1. Maintain Reproducibility

Infra maintainers must ensure:

  • deterministic CRF training
  • stable feature extraction
  • stable golden regression
  • no accidental model drift
  • no stale artifacts in Git
  • no training models committed

Reproducibility is the highest priority.


2. Maintain Golden Regression

Golden regression is the contract between:

  • the packaged inference model
  • the test suite
  • the release pipeline

Infra maintainers must:

  • ensure golden files reflect the frozen model
  • ensure no ambiguous words appear in golden
  • regenerate golden after any model change
  • validate golden diffs before merging

Golden regeneration:

python scripts/get_golden_crf_frozen_data.py

Golden inspection:

make check-crf WORDS="amah upa zawlai"

3. Maintain the CRF Training Pipeline

Infra maintainers own:

  • dataset ingestion
  • dataset cleaning
  • feature extraction
  • training configuration
  • evaluation metrics
  • training reproducibility

Key commands:

make get-zomi-syllabified-human
make clean-dataset
make train-crf

Training outputs must never be committed.

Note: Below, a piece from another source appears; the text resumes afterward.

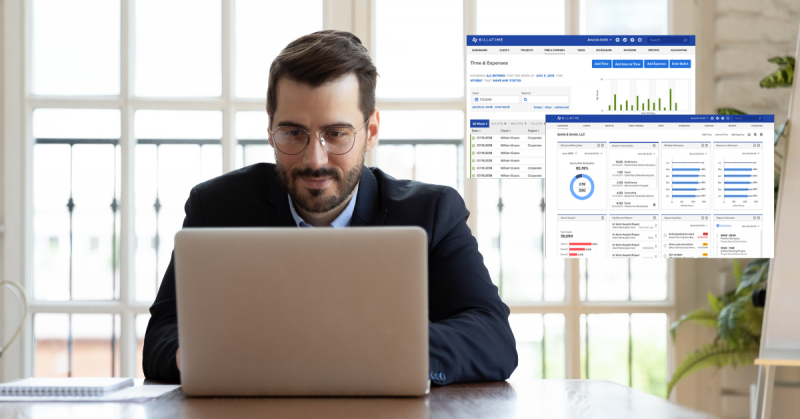 Person using laptop with Bill4Time time tracking software feature screens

4. Maintain the Release Freeze Workflow

The release freeze script:

scripts/release_crf_freeze.sh

Must always:

  • fetch dataset
  • clean dataset
  • train CRF
  • freeze model
  • package model into wheel
  • regenerate golden
  • validate tests
  • remove temporary artifacts

Infra maintainers must ensure:

  • freeze script works on clean machines
  • wheel contains correct model
  • no training artifacts leak into Git
  • versioning is correct

5. Maintain Makefile Orchestration

The Makefile is the single source of truth for:

  • training
  • testing
  • golden regeneration
  • release freeze
  • linting
  • dataset ingestion

Infra maintainers must:

  • keep targets deterministic
  • avoid side effects
  • ensure targets work on Linux + macOS
  • ensure targets do not require secrets

6. Maintain Pre‑Commit Hooks

Infra maintainers must ensure:

  • Black formatting
  • Ruff linting
  • YAML/JSON/TOML validation
  • model‑file blocking
  • golden‑ambiguity blocking

Run:

pre-commit install
pre-commit run --all-files

7. Maintain CI Stability

Infra maintainers must ensure:

  • CI runs make test
  • CI enforces pre‑commit
  • CI validates wheel build
  • CI validates golden regression

CI must never allow:

  • model drift
  • golden drift
  • missing packaged model
  • stale artifacts

🧪 Testing Requirements

Infra maintainers must ensure:

  • all tests pass before merging
  • golden regression is stable
  • CRFBackend loads packaged model
  • no test depends on local state

Run:

make test

🚫 What Infra Maintainers Must Never Do

  • never commit training models
  • never commit large datasets
  • never modify golden without explanation
  • never change CRF features without retraining
  • never bypass pre‑commit
  • never merge without full test pass
  • never break reproducibility

📦 Release Responsibilities

Infra maintainers own the release pipeline:

  • version bump
  • golden regeneration
  • freeze script execution
  • wheel validation
  • PyPI upload
  • post‑release verification

Release dry‑run:

make test
pip install dist/zomi_syl-*.whl --force-reinstall
python -m zomi_syl syllabify "themthum"

🧭 How to Propose Infra Changes

  1. Open an issue describing:
  2. motivation
  3. reproducibility impact
  4. golden impact
  5. release impact

  6. Create a feature branch

  7. Update Makefile + scripts
  8. Update tests
  9. Run full release dry‑run
  10. Submit PR with:
  11. evaluation summary
  12. golden diff
  13. wheel validation

🤝 Thank You

Infra maintainers are the backbone of Zomi‑Syl.
Your work ensures the project remains:

  • reproducible
  • stable
  • linguistically correct
  • future‑proof

This is the foundation for the entire Zomi NLP ecosystem.